**Task prompt**.
Print every line below. Match each one exactly.
Top of Given data
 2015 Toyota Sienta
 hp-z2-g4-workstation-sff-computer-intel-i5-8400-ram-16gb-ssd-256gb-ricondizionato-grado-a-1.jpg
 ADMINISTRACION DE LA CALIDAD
Bottom of Given data
**Your response**.
 2015 Toyota Sienta
 hp-z2-g4-workstation-sff-computer-intel-i5-8400-ram-16gb-ssd-256gb-ricondizionato-grado-a-1.jpg
 ADMINISTRACION DE LA CALIDAD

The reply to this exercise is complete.